It’s no surprise that terrorists stormed the American University of Afghanistan and killed several faculty and students last month, or that terrorists kidnapped two professors earlier this summer in a lower-profile incident.
That’s because the university is “a direct threat to the terrorists and their poisonous ideology,” according to Alexander Benard, co-founder of the Afghanistan Legal Education Project, which established a partnership between the school and Stanford Law School.
Writing in The Wall Street Journal, Benard says the school exposes Muslim students and faculty to “American professors and visiting students … exchanging ideas and forging longstanding bonds”:
Naqib Khpulwak, an Afghan law professor at AUAF who spent time at Stanford, e-mailed his friends at Stanford after an attack last year, reassuring them that everything was all right: “We are all safe so far.

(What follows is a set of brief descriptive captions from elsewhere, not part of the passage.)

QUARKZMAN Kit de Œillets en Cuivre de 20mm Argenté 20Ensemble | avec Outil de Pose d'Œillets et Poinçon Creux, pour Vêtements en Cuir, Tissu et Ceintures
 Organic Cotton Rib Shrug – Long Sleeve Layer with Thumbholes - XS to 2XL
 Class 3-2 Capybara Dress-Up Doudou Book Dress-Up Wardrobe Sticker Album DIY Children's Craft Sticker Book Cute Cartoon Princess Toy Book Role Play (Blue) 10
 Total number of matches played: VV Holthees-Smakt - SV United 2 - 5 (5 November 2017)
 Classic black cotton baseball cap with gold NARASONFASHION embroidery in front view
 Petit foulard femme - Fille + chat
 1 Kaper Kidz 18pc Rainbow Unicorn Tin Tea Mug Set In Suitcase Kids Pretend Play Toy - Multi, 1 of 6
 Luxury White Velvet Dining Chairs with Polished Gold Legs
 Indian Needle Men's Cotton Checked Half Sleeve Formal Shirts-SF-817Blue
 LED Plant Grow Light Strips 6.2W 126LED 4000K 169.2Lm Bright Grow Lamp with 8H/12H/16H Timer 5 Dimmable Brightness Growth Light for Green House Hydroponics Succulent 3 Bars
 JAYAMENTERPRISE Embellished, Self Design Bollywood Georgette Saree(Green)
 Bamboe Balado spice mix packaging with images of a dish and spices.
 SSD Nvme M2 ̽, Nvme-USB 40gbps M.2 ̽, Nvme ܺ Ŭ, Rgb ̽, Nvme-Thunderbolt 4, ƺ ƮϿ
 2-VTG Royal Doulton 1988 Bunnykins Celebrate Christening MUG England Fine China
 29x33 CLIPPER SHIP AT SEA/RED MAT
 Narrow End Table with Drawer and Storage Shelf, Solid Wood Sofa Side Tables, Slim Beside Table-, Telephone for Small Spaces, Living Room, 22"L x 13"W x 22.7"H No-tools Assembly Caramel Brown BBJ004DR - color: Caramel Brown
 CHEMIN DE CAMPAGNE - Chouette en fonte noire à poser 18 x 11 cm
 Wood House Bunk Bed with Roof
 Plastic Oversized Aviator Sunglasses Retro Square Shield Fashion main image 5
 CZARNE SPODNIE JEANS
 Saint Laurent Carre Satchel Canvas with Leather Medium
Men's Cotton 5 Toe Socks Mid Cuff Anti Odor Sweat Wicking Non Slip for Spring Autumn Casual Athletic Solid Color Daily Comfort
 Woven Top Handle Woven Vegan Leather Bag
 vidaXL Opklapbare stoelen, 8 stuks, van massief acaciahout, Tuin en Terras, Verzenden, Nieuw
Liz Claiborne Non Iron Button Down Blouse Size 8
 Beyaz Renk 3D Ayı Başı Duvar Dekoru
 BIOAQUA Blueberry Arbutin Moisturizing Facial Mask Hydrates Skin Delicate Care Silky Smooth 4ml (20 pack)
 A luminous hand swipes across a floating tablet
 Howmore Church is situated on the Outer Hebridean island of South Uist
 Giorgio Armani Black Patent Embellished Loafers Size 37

Thanks for asking. The terrorists want to terrorize us, we refuse to give in. . . . It did not stop us from our work not for one minute. This tells me the terrorists will not succeed. Everyday passing, people hate them more and keep on doing their work. I work 12 hours per day six days a week this summer. This is my response to them.” …
If the U.S. no longer wishes to undertake complex nation-building efforts abroad, it is important that America equips the citizens of those countries to do so. That means providing them with a modern education, helping them develop local and international networks of like-minded individuals, and providing them with exposure to U.S. values, norms and culture.